Benny & Joon: Two Birds Are Better Than One

“Watch it, I’m sitting below you.”


“Then move. Not my problem.”


Often, Benny and Joon sounded like squabbling siblings. I could just imagine how their chirps and churrs would come across in English.


“Don’t touch me like that.”


“I didn’t even touch you.”


More often, they sounded like star-crossed lovers while poking their beaks at each other quicker than a jackhammer: Mwah, mwah. Smack, smack.


I thought of our pair of parakeets—green Benny and blue Joon—as “budgies for life.” They’d been rescued over 10 years earlier from a community services client in Richland Center who couldn’t keep them in her apartment any longer.


The day I drove home with the pair had been hot and sunny. I was expecting Dane soon and knew he’d be tired from a long sweaty workday, so dinner was ready. Benny and Joon’s cage was on a table in the living room, overlooking the back deck and yard. I’d opened the window a few inches so they’d have fresh air. They seemed content, not too talkative, as they took in their new surroundings.


After Dane washed his hands, I ushered him outside for a lovely dinner under the shade of an umbrella on the back deck. The ducks and geese were roaming the yard below, quacking and squawking as usual. The dogs, also tired from the heat, were lying near our legs.


Benny and Joon must have finished settling in, because they started talking—squabbling! I hadn’t mentioned them to Dane yet, who kept looking around, puzzled. “What’s that noise?’


“The birds,” I answered, and he looked toward the yard and the flock, shaking his head. Finally, he stood up, looked in the window, and said, “Parakeets?!”

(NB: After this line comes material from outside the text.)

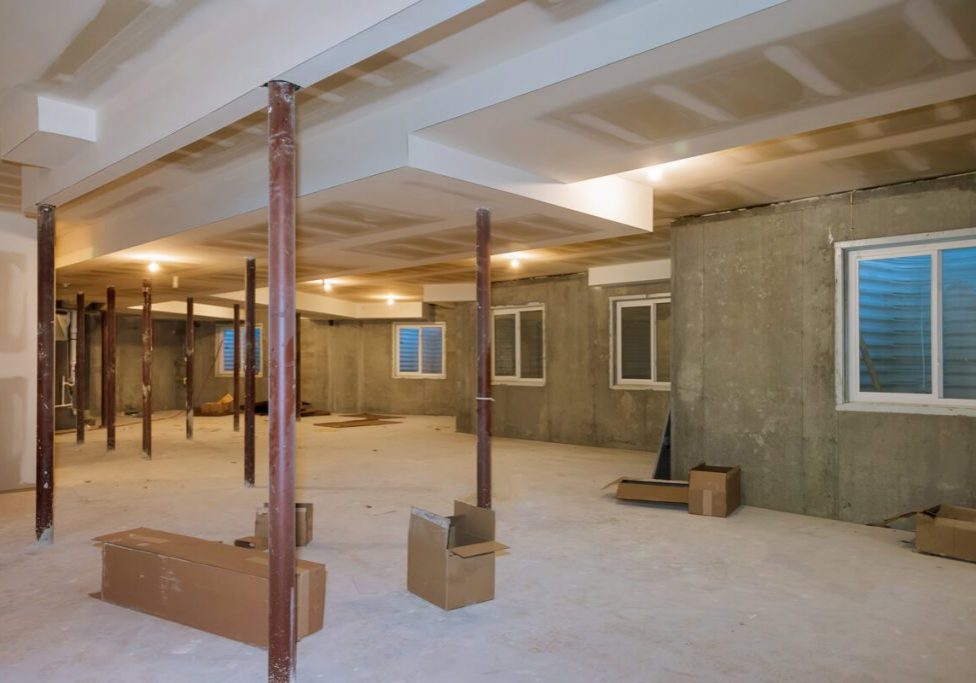 Basement remodeling project by SC Projects LLC showing exposed support columns, new drywall ceiling, and egress windows prior to finishing .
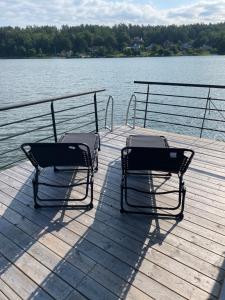 two chairs sitting on a dock near a body of water at Bo på husbåt med egen badplats in Gamleby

Soon Benny and Joon’s racket became a normal part of the household. If they were quiet, we’d check on them to see why.


One day I set a pot on the stove with oil and popcorn and went outside to do chores. When I came back in, the house was full of smoke, and flames shot out from the burner. I quickly opened windows and fanned out the house, but I heard a thunk. In the morning, I discovered it was Joon. The smoke had killed her.


Benny was fine but lonely. Off to La Crosse I went and came home with another blue female, whom we dubbed Joon II.


Benny and Joon II enjoyed short showers whenever I cleaned their cage. They had every toy made for parakeets—so many that we rotated them to make their life more interesting.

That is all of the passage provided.